Tom - Thanks for the response. I guess what I am really looking for is a simple way to find all of the columns referenced from a given instance of a table or index from the json file, although it would be even better if it was easy to differentiate between the columns that came from the index vs those that could only come from the table. (We may not have direct access to the database, the indexing may have changed since the plan was captured, ...) I can see that all of the values in "Index Cond" and "Filter" for the given "Alias" are relevant, but it's unclear what portion of the values in "Output" are relevant. Some instances of "Output" contain a superset of the values in "Index Cond" and "Filter", including columns that are not referenced in the query (there are a total of 187 columns in pc_policyperiod and instances in the plan were all of them show up in "Output" but only 7 of them are actually referenced), others contain a mutually exclusive set of values, ... It would be helpful if there was an attribute that contained that information.

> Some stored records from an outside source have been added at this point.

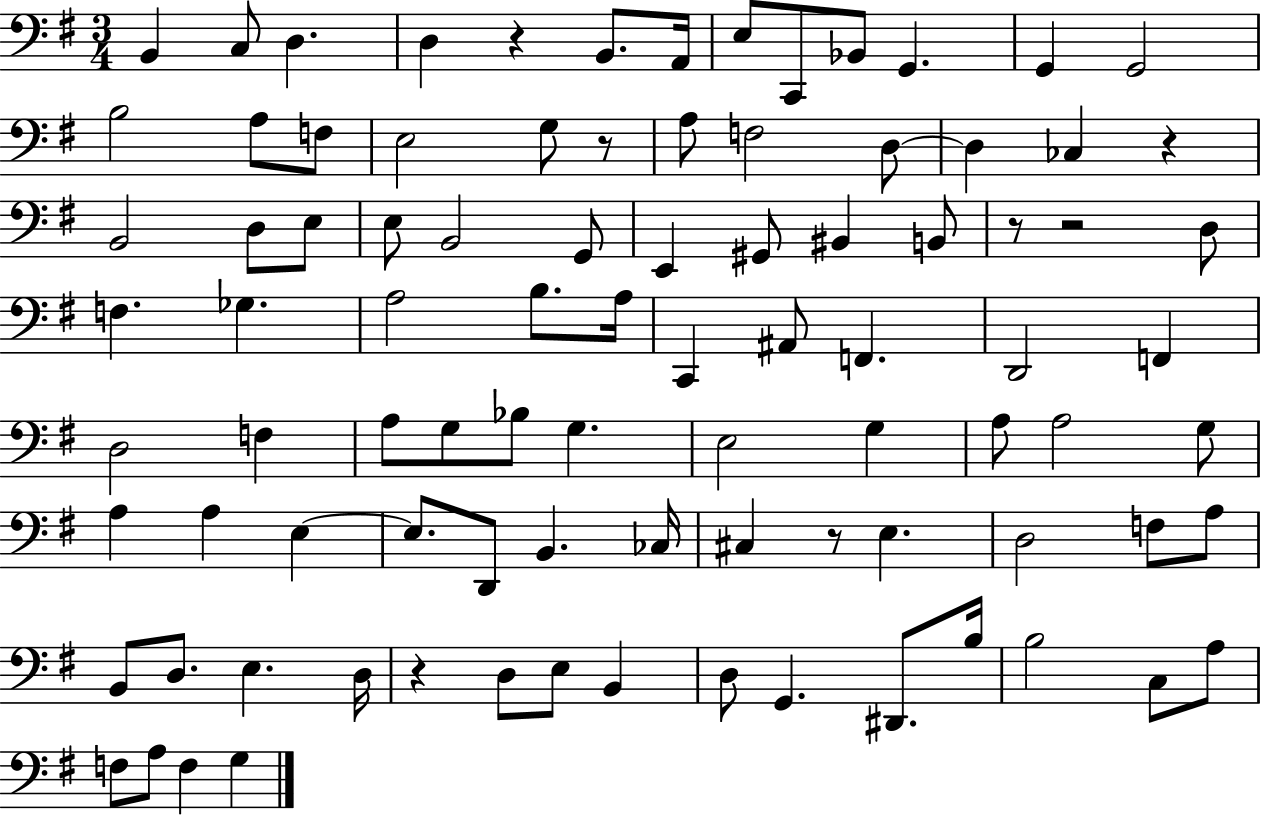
X:1
T:Untitled
M:3/4
L:1/4
K:G
B,, C,/2 D, D, z B,,/2 A,,/4 E,/2 C,,/2 _B,,/2 G,, G,, G,,2 B,2 A,/2 F,/2 E,2 G,/2 z/2 A,/2 F,2 D,/2 D, _C, z B,,2 D,/2 E,/2 E,/2 B,,2 G,,/2 E,, ^G,,/2 ^B,, B,,/2 z/2 z2 D,/2 F, _G, A,2 B,/2 A,/4 C,, ^A,,/2 F,, D,,2 F,, D,2 F, A,/2 G,/2 _B,/2 G, E,2 G, A,/2 A,2 G,/2 A, A, E, E,/2 D,,/2 B,, _C,/4 ^C, z/2 E, D,2 F,/2 A,/2 B,,/2 D,/2 E, D,/4 z D,/2 E,/2 B,, D,/2 G,, ^D,,/2 B,/4 B,2 C,/2 A,/2 F,/2 A,/2 F, G,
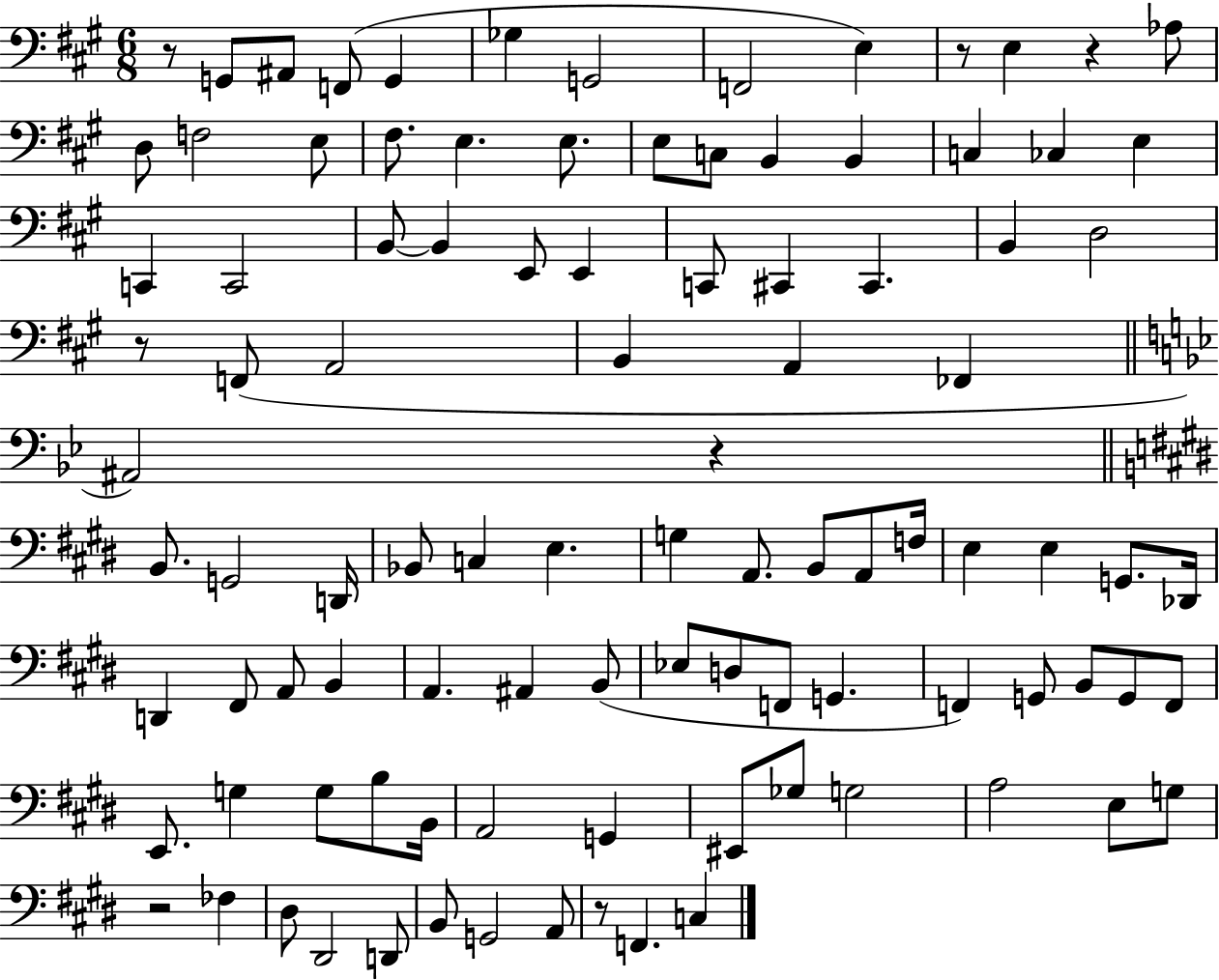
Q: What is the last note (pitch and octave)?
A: C3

I now see that groot2.ID is the only column listed in "Output" from pc_policy here and it doesn't show up anywhere else in the plan. It's actually used in the evaluation of "(hashed SubPlan 3)", but I had to look at the SQL to figure that out.
NOTE: policy_n_producerco_3e8i0ojsyckhx is an index on pc_policy(producercodeofserviceid, retired). It makes sense for reasons beyond this query to add id as the last key column to the index.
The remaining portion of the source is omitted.